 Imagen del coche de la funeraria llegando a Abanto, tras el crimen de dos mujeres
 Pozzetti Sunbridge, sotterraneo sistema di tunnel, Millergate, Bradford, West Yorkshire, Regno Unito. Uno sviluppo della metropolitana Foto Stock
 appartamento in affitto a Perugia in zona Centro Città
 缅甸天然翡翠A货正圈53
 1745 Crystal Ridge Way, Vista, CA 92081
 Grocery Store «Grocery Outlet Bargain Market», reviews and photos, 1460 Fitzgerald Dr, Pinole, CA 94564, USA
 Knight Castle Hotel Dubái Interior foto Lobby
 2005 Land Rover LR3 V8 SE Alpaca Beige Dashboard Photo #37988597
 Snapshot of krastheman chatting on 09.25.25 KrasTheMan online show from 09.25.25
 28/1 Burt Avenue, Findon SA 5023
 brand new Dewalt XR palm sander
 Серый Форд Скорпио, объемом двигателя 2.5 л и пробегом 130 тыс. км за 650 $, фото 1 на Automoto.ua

------------------------

:: ACTIVITY ::
The reply must consist solely of the lines from the one containing "brand new Dewalt XR palm sander" through the last line in the material above, reproduced exactly.

:: ANSWER AREA ::
 brand new Dewalt XR palm sander
 Серый Форд Скорпио, объемом двигателя 2.5 л и пробегом 130 тыс. км за 650 $, фото 1 на Automoto.ua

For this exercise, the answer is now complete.